NEW RESIDENTIAL CONSTRUCTION
Monday, Nov. 19, 8:30 a.m. EST -- Housing starts in October are forecast to decline to an annual rate of 1.52 million, after a better-than-expected pace of 1.57 million in September. That's based on the median forecast of economists surveyed by Standard & Poor's MMS, a division of The McGraw-Hill Companies. So far, housing has shown few signs of weakening.
Tuesday, Nov. 20, 8:30 a.m. EST -- The trade deficit probably narrowed to $25.3 billion in September, from $27.1 billion in August. The September 11 attacks likely caused a record drop in imports, due to border and port interruptions and large claims payments by foreign reinsurers.
Tuesday, Nov. 20, 10 a.m.
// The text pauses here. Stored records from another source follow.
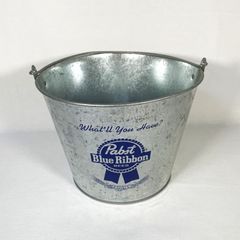 90s Pabst Blue Ribbon Tin Bucket 　パブストブルーリボン　バケツ　ブリキ　ヴィンテージ　アンティーク　アメトイ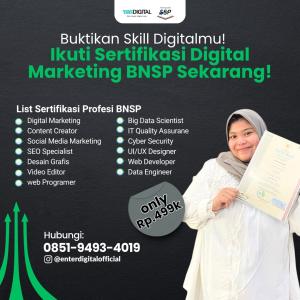 AKREDITASI! WA: 0851-9493-4019, Sertifikasi Digital Marketing Pekanbaru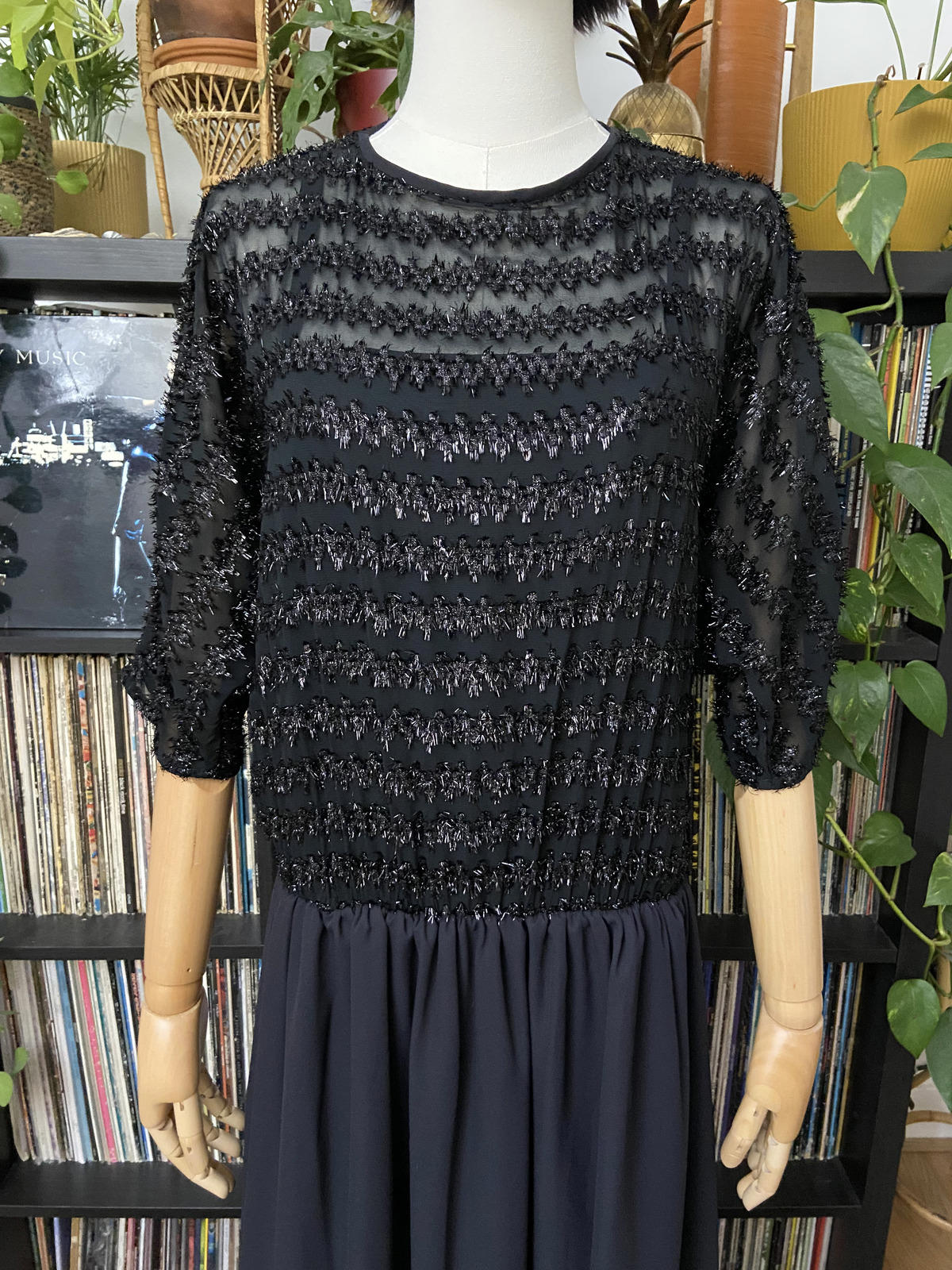 Vintage 1980s Black C&A Cocktail Dress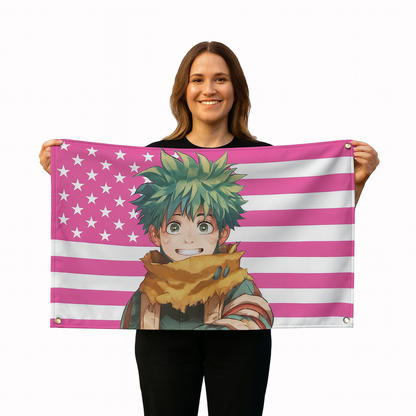 Izuku Midoriya „Überlebens-Outfit“ Flagge – My Hero Academia™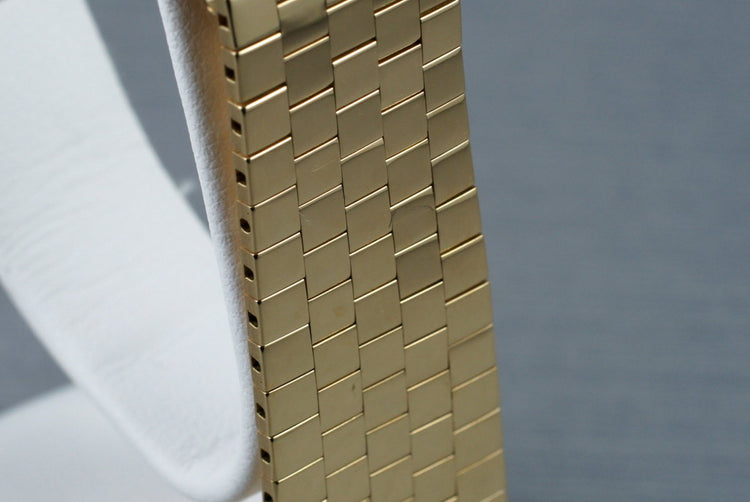 1968 Rolex 18K YG Date 1500 with Brick Bracelet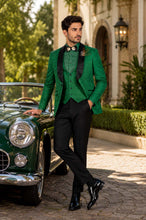 Vinci "Nico" Green Vinci 1-Button Shawl Tuxedo (3-Piece Set)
EST -- The Conference Board's October composite index of leading economic indicators probably slipped 0.2%. In September, the index declined 0.5%, the largest drop since 1996.
Wednesday, Nov. 21, 2:00 p.m. EST -- The U.S. Treasury will likely report an October deficit of $14 billion, compared with a deficit of $11.3 billion in October, 2000, and a surplus of $35.4 billion in September. For fiscal year 2001, which ended Sept. 30, the U.S. Treasury ended with a surplus of $127.2 billion. Excluding Social Security, however, it ran a deficit of $33.5 billion. Fiscal 2002 will likely parallel 2001, due to more tax cuts and large amounts of economic stimulus spending.